Many years later a flood of artists came because of the Garber’s influence for constant rain in Pennsylvania. This group consisted of prominent artists such as Robert A.D. Miller, Peter Keenan, Charles Evans ; Henry Baker ; Richard Wedderspoon, Carl Lindborg, Frederick Harer, Faye Swengel Badura, Louis Stone and Charles Ward among others. Other important modernist painters to later settle in the area after the initial arrivals were Josef Zenk, Bror Julius Nordfeldt, Swiss-born Joseph Meierhans, Clarence Carter and precisionist, Richard Peter Hoffman of Allentown.

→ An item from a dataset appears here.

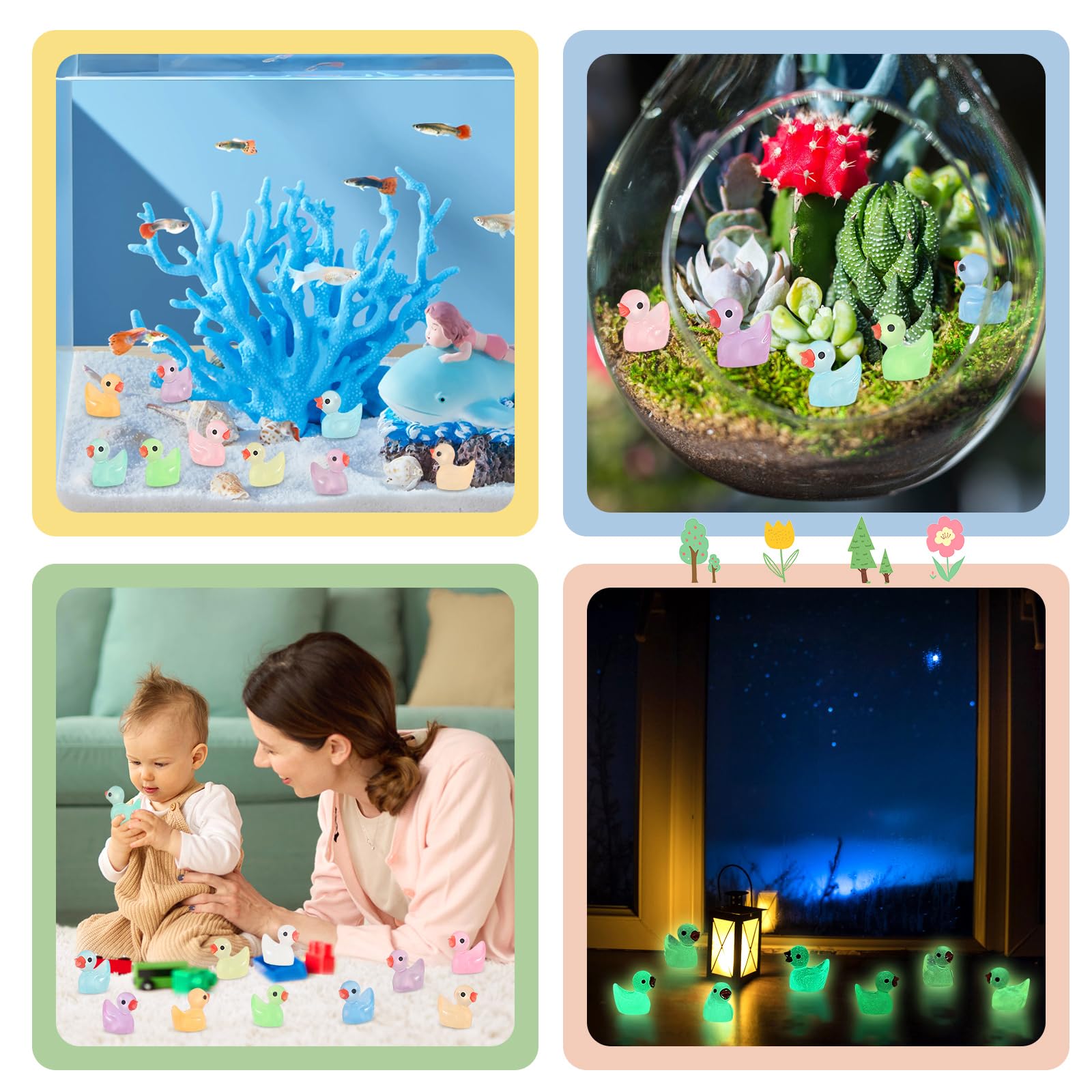 GADIEDIE 260 mini patos luminosos de resina, brillan en la oscuridad, para el hogar, juego de broma, decoración de casa de muñecas, decoración de acuario, paisaje en miniatura, adorno de bricolaje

These fifteen people made a big mark to for Impressionistic society.
Finally, there was the “Last Ten.” This group stood out because this group consisted all of women. The Ten consisted of Fern Coppedge and M. Elizabeth Price from New Hope, as well as Nancy Maybin Ferguson, Emma Fordyce MacRae, Eleanor Abrams, Constance Cochrane and Theresa Bernstein. These women influenced many other women to join the Pennsylvania Impressionism Movement.
Similar to the French impressionist movement, this style of art is characterized by an interest in the quality of color, light, and the time of day. This group of artists usually painted in plein air, or out of doors, to capture the moment. According to James A. Michener Art Museum’s Senior Curator Brian Peterson, “what most characterized Pennsylvania impressionism was not a single, unified style but rather the emergence of many mature, distinctive voices: Daniel Garber's luminous, poetic renditions of the Delaware River; Fern Coppedge's colorful village scenes; Robert Spencer's lyrical views of mills and tenements; John Folinsbee's moody, expressionistic snowscapes; and William L. Lathrop's deeply felt, evocative Bucks County vistas."
Art historian Thomas C. Folk defines the movement as the Late Pennsylvania School, those artists that "came to prominence in Bucks County after 1915 or after the Armory Show and the Panama-Pacific International Exposition." According to Folk, the three most notable artists in this group were John Fulton Folinsbee, Walter Emerson Baum and George Sotter.
One of the artists, Walter Emerson Baum, worked as a teacher and educator and through his founding of the Baum School of Art and the Allentown Art Museum, would serve to expand the influence of the movement out of Bucks County and into Lehigh County, specifically Allentown and the Lehigh Valley, where the movement continued to flourish into the 1940s and 1950s. Today, this group of artists is collectively known as the Baum Circle.